Whenever Rand is criticised, her supporters more often than not jump up and accuse the critic of being either weak-minded or a socialist. Or they say Rand is being misinterpreted or misunderstood. Well, I've no intention of criticising Rand at all because as I said, I actually find her interesting. And I'm neither weak-minded nor a socialist. What I will criticise, however, are her supporters because Rand is dead and they are the living, and it is they who are the interpreters of her ideas and philosophy into the world as it is today.
For some reason, all her supporters just happen to be right-wing conservatives and neoliberals - now why might this be? - who tend to use Rand as their own private backbone of morality to their selfishness and greed. But then how else could they sleep at night? How else could they live with themselves without some sort of moral justification for their world-view? Misanthrope propels them to distance themselves from life, nature and human emotion as they embrace certain aspects of Rand's philosophy and reject others. For them, laissez-faire capitalism and self-interest is all fine and dandy but atheism is contentious so they overly embrace religion almost as a cloak to cover their actual spiritual emptiness. Splendid isolation is justified as being God’s divine will when in actual fact it's existentialist and God is dead. So the aspects of Rand's philosophy that are beneficial to their greed are promoted whilst the aspects that gain them nothing are set carefully to one side and not spoken of.

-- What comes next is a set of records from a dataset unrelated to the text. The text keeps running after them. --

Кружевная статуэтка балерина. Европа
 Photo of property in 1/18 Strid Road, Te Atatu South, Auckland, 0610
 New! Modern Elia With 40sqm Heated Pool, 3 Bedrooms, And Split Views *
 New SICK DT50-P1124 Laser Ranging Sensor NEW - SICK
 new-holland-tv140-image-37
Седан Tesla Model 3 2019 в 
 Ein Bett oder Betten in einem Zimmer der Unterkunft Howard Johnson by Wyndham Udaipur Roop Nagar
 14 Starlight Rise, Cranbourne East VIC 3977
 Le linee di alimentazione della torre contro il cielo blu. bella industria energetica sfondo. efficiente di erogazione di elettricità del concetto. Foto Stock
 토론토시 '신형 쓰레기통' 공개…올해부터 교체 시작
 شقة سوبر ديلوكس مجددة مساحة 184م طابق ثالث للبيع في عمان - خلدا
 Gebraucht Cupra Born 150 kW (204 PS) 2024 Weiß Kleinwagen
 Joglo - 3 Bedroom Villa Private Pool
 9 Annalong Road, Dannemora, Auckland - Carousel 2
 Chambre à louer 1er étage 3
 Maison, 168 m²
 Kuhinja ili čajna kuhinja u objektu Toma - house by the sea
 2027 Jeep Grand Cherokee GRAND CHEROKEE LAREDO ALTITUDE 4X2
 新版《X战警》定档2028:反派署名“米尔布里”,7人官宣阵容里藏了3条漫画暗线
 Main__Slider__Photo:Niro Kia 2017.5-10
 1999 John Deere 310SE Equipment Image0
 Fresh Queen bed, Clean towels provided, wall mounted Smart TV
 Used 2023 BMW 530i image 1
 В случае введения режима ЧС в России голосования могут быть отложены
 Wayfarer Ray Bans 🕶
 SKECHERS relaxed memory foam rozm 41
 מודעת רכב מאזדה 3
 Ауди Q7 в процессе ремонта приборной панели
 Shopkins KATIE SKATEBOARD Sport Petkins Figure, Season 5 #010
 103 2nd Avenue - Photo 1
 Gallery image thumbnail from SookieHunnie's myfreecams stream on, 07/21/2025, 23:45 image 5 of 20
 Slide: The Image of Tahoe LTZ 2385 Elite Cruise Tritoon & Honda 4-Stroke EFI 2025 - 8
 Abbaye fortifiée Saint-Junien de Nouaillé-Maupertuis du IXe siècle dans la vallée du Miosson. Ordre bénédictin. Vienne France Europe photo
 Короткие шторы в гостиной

Rand warns against the world turning into some kind of ultra-communist, sub-Korean super-State where subservience to collectivism morphs into a hell on earth. And she's not wrong. A world of such extremes would indeed be a living nightmare. What she and her supporters promote to counter this, however, is equally as hellish: A world in which self-interest is the guiding star, where capitalism is given free reign and profit for the individual is the be all and end all. Where nature and the environment is incidental or just something else to be exploited, where the world is ruled for the benefit of an elite 1% and the other 99% can go hang, or go beg, or go starve, or as writer Whittaker Chambers once put it: "To a gas chamber - go!"
I wonder: Does this world sound familiar to anyone in any way at all?
Over 29 million copies of Rand's magnum opus Atlas Shrugged have been sold to date and at one point just back in the Nineties it was cited in a poll to be the most influential book upon those taking part in the poll second only to the bible. Anthem has sold nowhere near those amounts and is lesser known than Rand's other books but as an insight into what Rand's about, it's a good place to start.